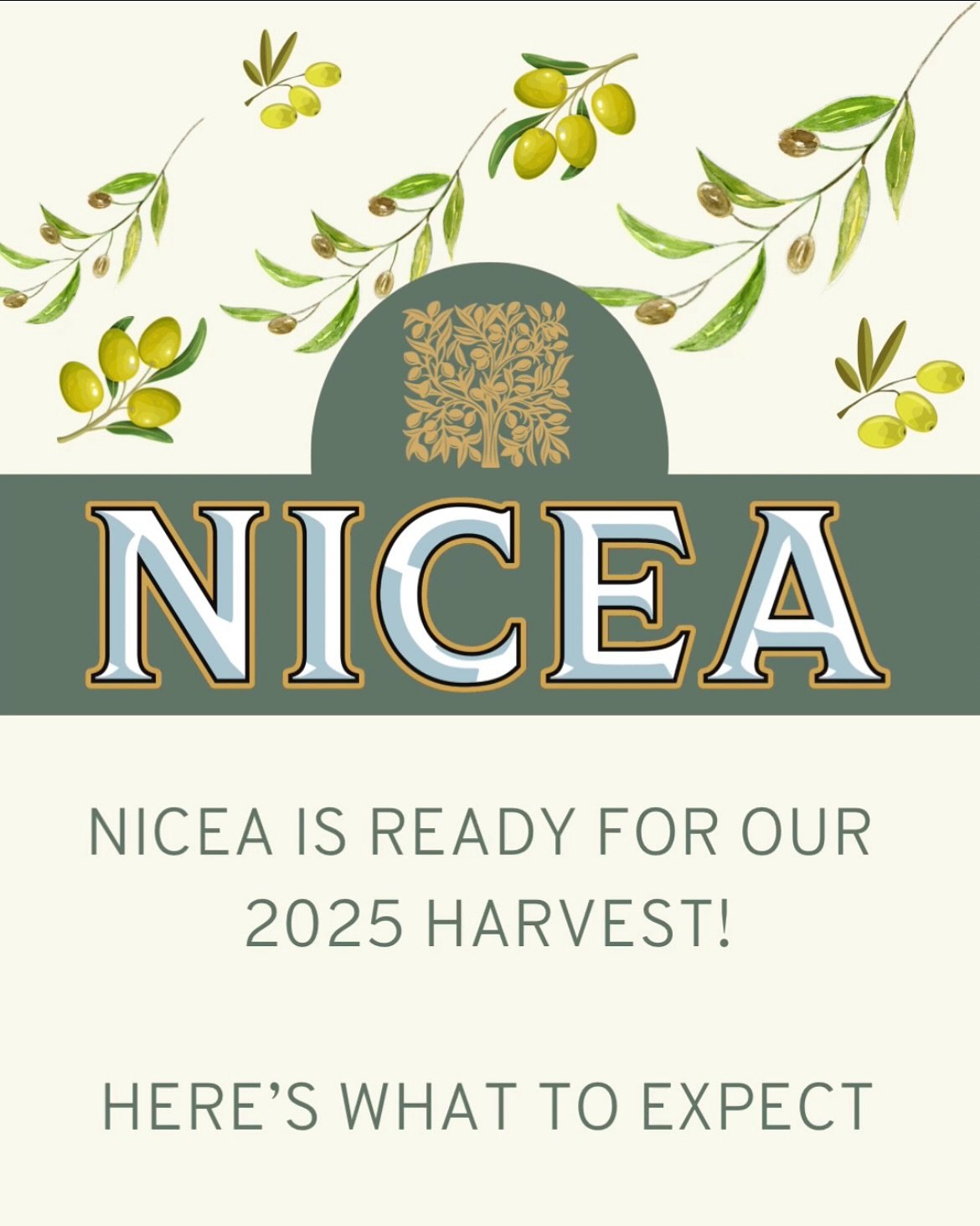 As the leaves start to fall, I couldn&rsquo;t help but wonder&hellip; if fall is the season of change, is it also the season of return?
Because for us, it always brings us back to the groves, to the golden light, to the rhythm of harvest.
🍁🫒
While 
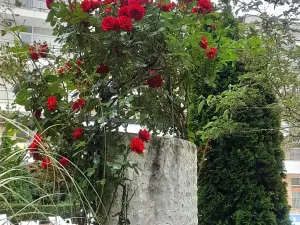 Prodej bytu 3+kk, Nesebar, Bulharsko, 84 m2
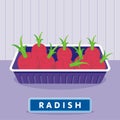 Radish on the plastic food packaging tray wrapped with polyethylene. Vector illustration Royalty Free Stock Photo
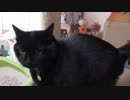 【Jean & Pont 696】保護猫を人好きに計画！よく遊ぶ子になった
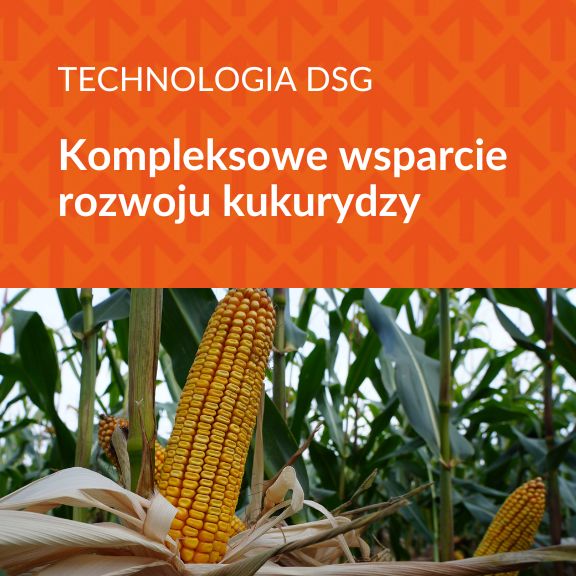 DSG Kukurydza - technologia kompleksowego wsparcia rozwoju kukurydzy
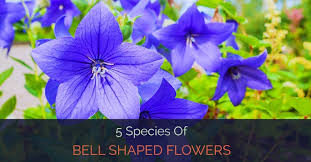 You are here » types of flowers » 300+ types of flowers + flower names » flowers that start with y. 5 Species Of Bell Shaped Flowers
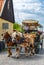 Ahus Horseand Cart Tour Guide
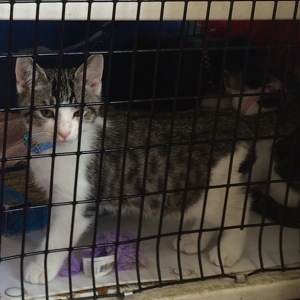 Fundraising Page: Annamarie Kinch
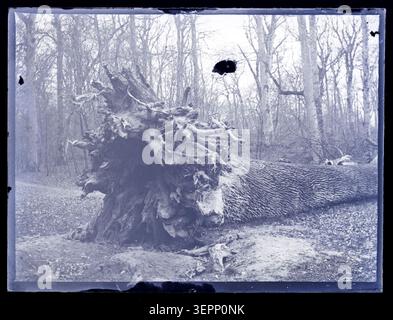 Eugène Trutat documente le chêne antique déraciné connu sous le nom de le Briané dans la forêt de Fontainebleau en avril 1899, présentant le tronc massif et les racines exposées reposant sur le sol boisé après les dommages causés par la tempête dans l'environnement forestier de Seine-et-Marne. Banque D'Images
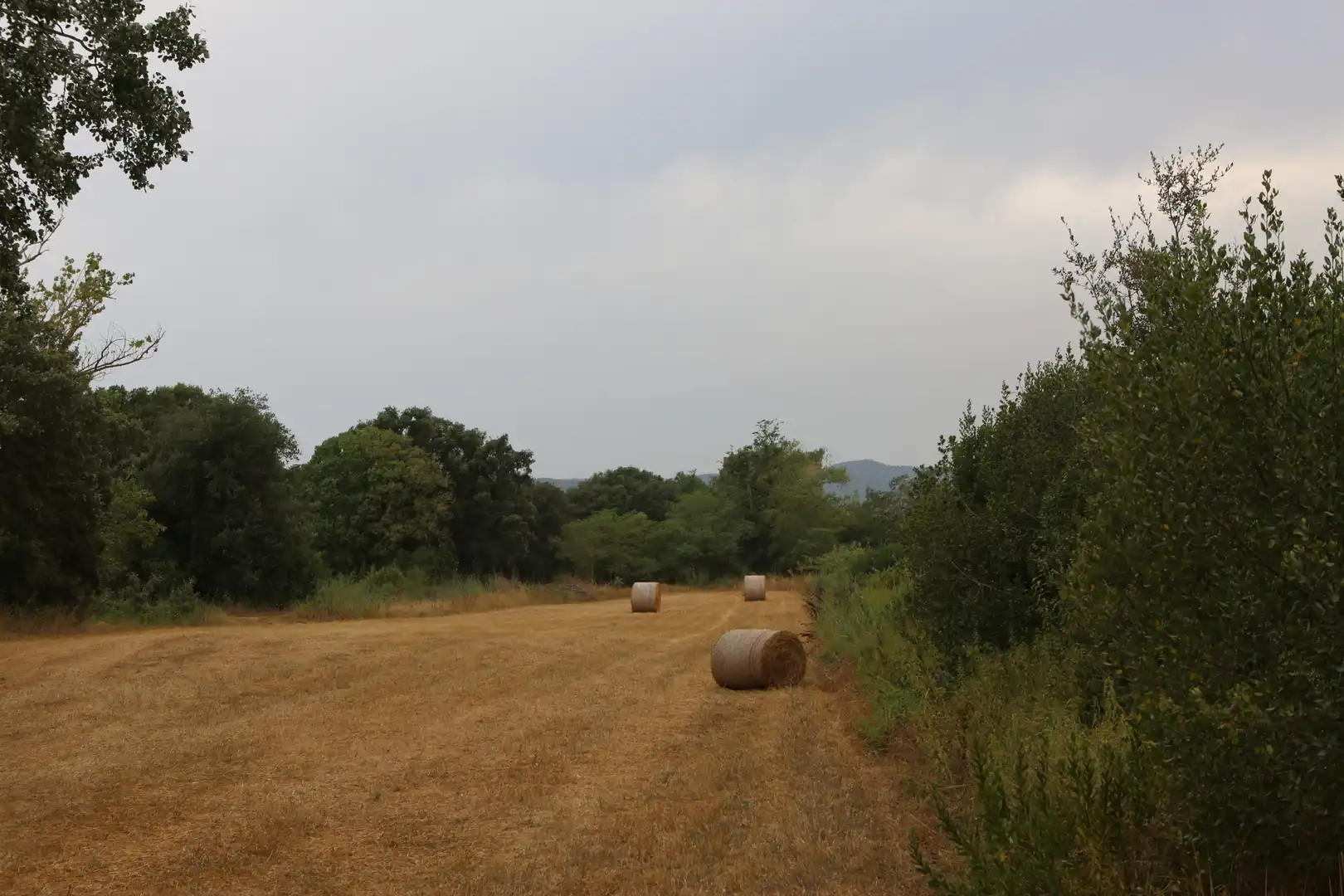 Finca rústica en venda en Begur amb Jardí privat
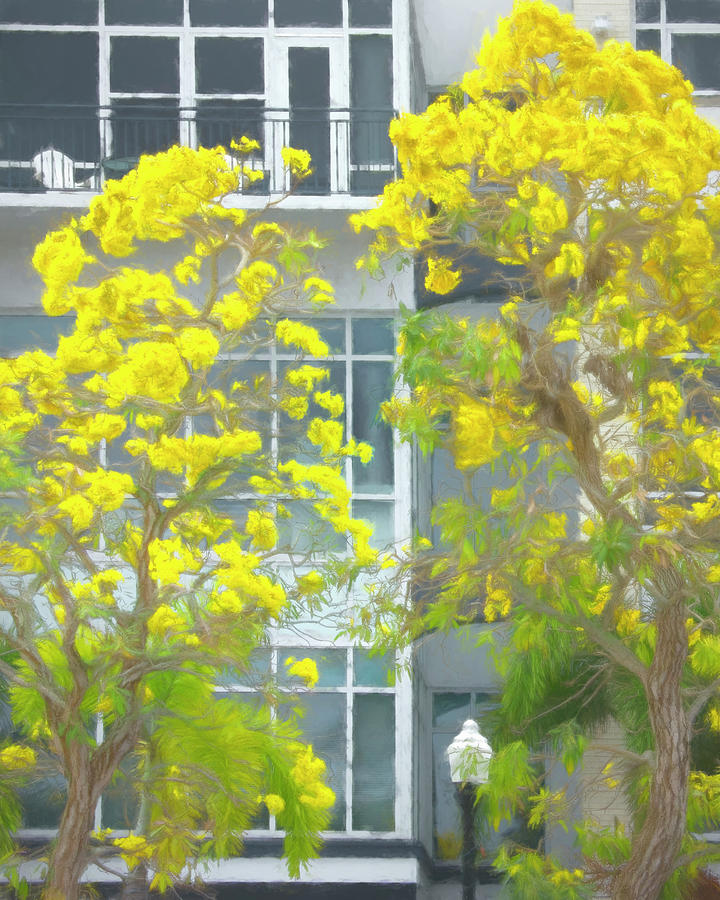 Tabebuia Trees Say Its Spring in Punta Gorda Photograph by Mitch Spence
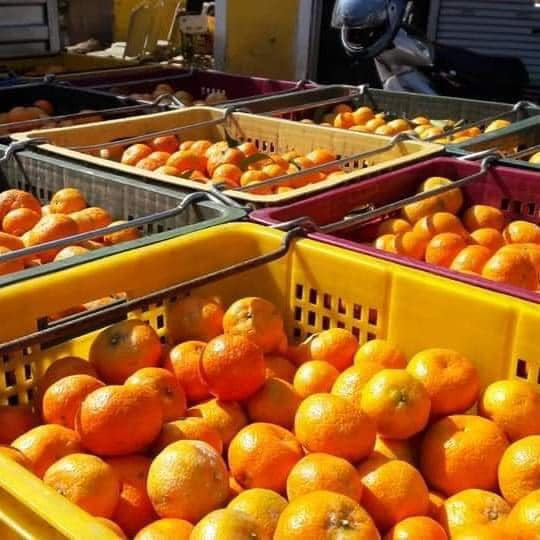 砂糖橘-新鮮直送 團購 冬季限量 自產自銷 橘子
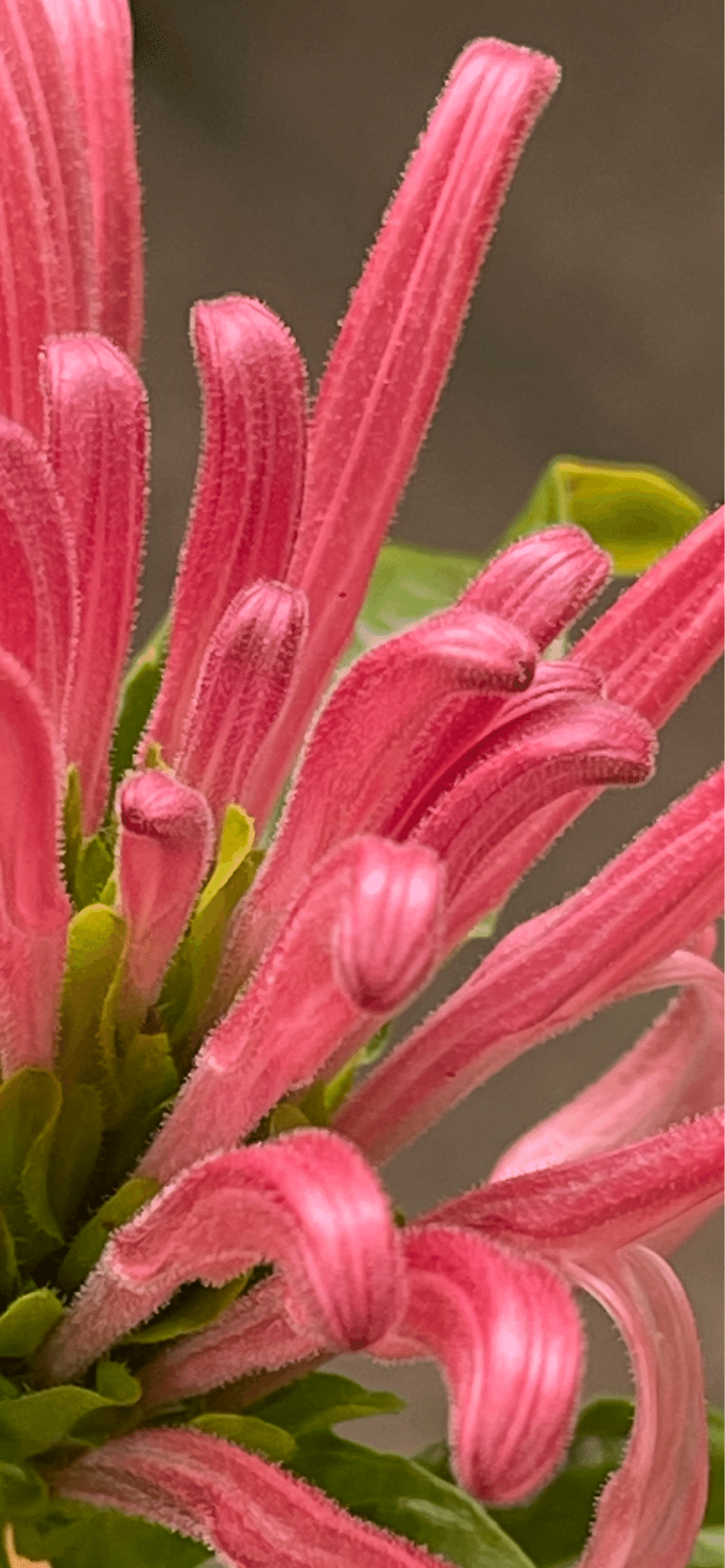珊瑚　花？ 珊瑚'花一覧 | かぎけん花図鑑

What the task asks:
Print exactly, and print only, the lines from the line with "Tabebuia Trees Say" through the last line of the entries, both ends included. No pictures belong in the result.

Task answer:
 Tabebuia Trees Say Its Spring in Punta Gorda Photograph by Mitch Spence
 砂糖橘-新鮮直送 團購 冬季限量 自產自銷 橘子
珊瑚　花？ 珊瑚'花一覧 | かぎけん花図鑑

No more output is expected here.